The Patrick AFB rename and the federal naming machinery
The federal-government side of the regional name story moved on a separate track. The Naval Air Station Banana River, commissioned during World War II as a seaplane patrol base, was transferred from the Navy to the Air Force in June 1948 and redesignated the Joint Long Range Proving Ground in June 1949. The facility took its modern name, Patrick Air Force Base, on May 17, 1950, honoring Major General Mason Patrick. That rename happened ten weeks before the first Bumper rocket flew from Cape Canaveral on July 24, 1950, and it set the federal-agency naming pattern that would shape every subsequent regional label.
The pattern is consistent. The federal facilities sit on Air Force or NASA land and are named for personnel or programs. The civilian region that built up around them takes its name from commercial tourism, not military protocol. Patrick AFB was never the “Space Coast Air Force Base.” Kennedy Space Center, dedicated by President Johnson on November 29, 1963, six days after the assassination, took the name of a single person rather than a region. The county and chamber adopted “Space Coast” precisely because no federal agency had a claim to it. The brand belongs to the tourism economy, not the launch agencies.
The Florida Development Commission’s role
The Florida Development Commission, the state’s tourism agency through the 1960s, was the institutional actor that consolidated “Space Coast” as the formal regional designation. The FDC’s regional marketing in 1965-1968 used the term in trade-show materials, in cooperative advertising with the local chambers, and in the annual Florida vacation brochure distributed to northern travel agents. Once the FDC adopted a regional name, it became the default in every subsequent state marketing document, in atlas legends, and in the AAA Florida tourbook. By the time the FDC reorganized into Visit Florida in 1996, “Space Coast” had been the official regional brand for thirty years.
The FDC also did the legal work of registering the name. The Brevard County tourism office holds a state trademark on “The Space Coast” and on “Florida’s Space Coast,” renewed every ten years since the original registration. The trademark exists primarily to prevent competing Florida regions from claiming the term. Volusia County, which hosts the southern end of NASA’s Merritt Island holdings at Canaveral National Seashore, briefly marketed itself as part of the “Space Coast” in early-1980s tourism materials before settling on “Daytona Beach Area” instead.
What the brand obscures
The Space Coast label compresses several distinct things into one identifier. The launch infrastructure sits on federal land that civilians cannot enter without escort. The tourism economy depends on the launches but exists on the barrier-island municipalities of Cocoa Beach, Cape Canaveral, and Satellite Beach. The mainland economy of Cocoa, Rockledge, Titusville, and Melbourne runs on a different mix: defense contractors, healthcare, education, retail, light manufacturing. None of those mainland industries are particularly “spacey.” Calling the whole county the Space Coast flattens that variation in service of a marketing message that primarily benefits the beach communities and the launch contractors.

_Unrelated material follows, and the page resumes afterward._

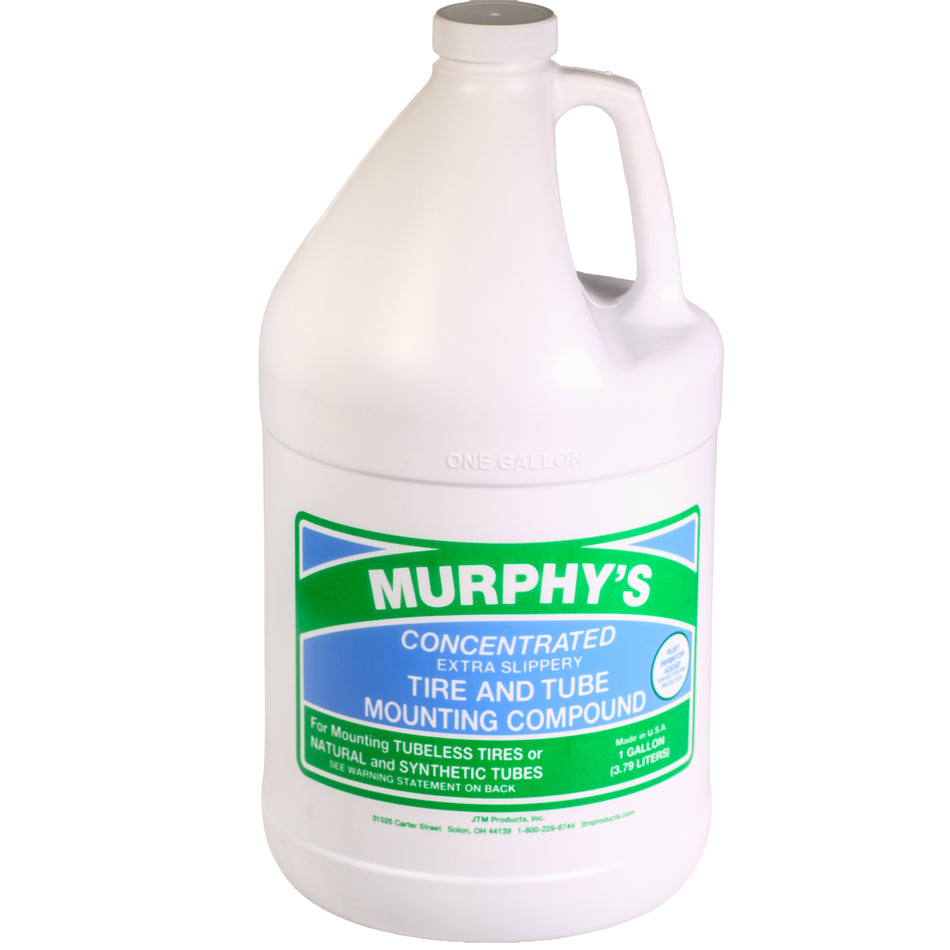 MURPHY'S CONCENTRATED EXTRA SLIPPERY 1950 (1 GAL)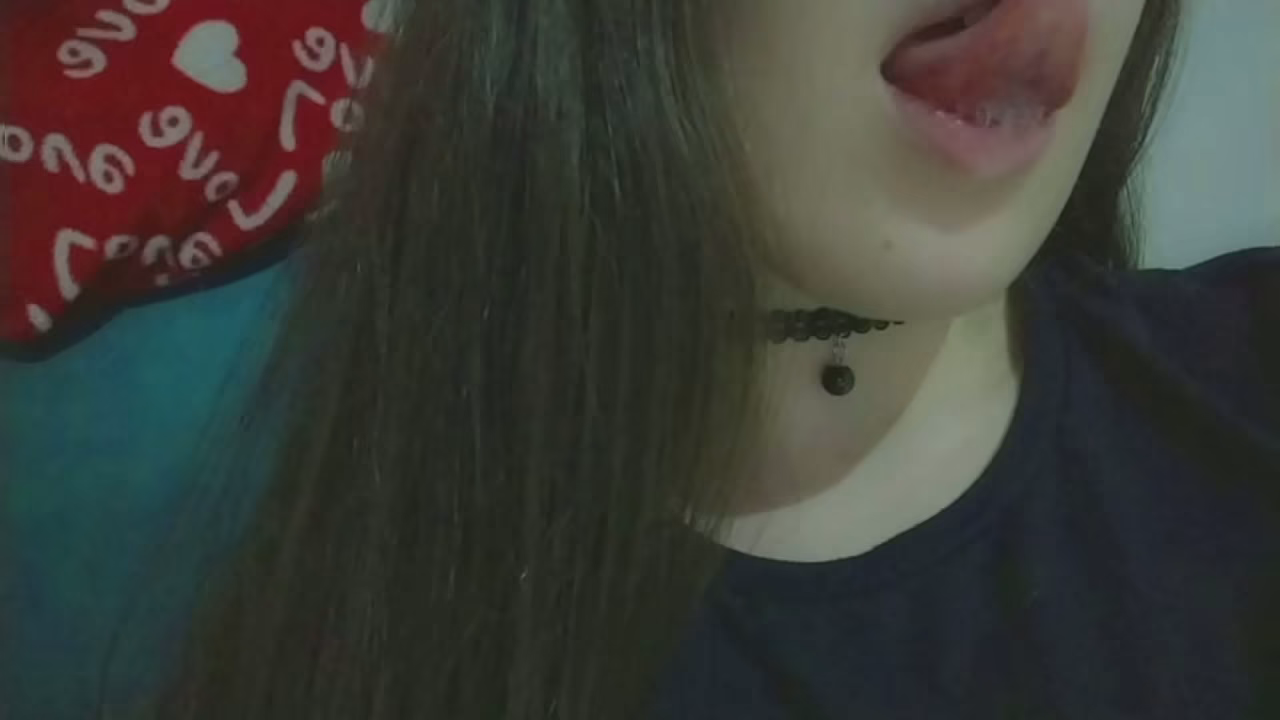 射在我嘴上顽皮的学生乞求你射在她的小嘴上，快照合集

The brand also obscures the regional dependence on the federal budget. NASA and Department of Defense spending have driven the local economy through every boom-and-bust cycle since 1958. When the Apollo program ended in 1972, the Space Coast brand survived but the county lost roughly 20,000 aerospace jobs in four years (per Bureau of Labor Statistics data for the 1969-1975 period). The brand persists across budget cycles because tourism marketing rewards continuity, not because the underlying economy is stable.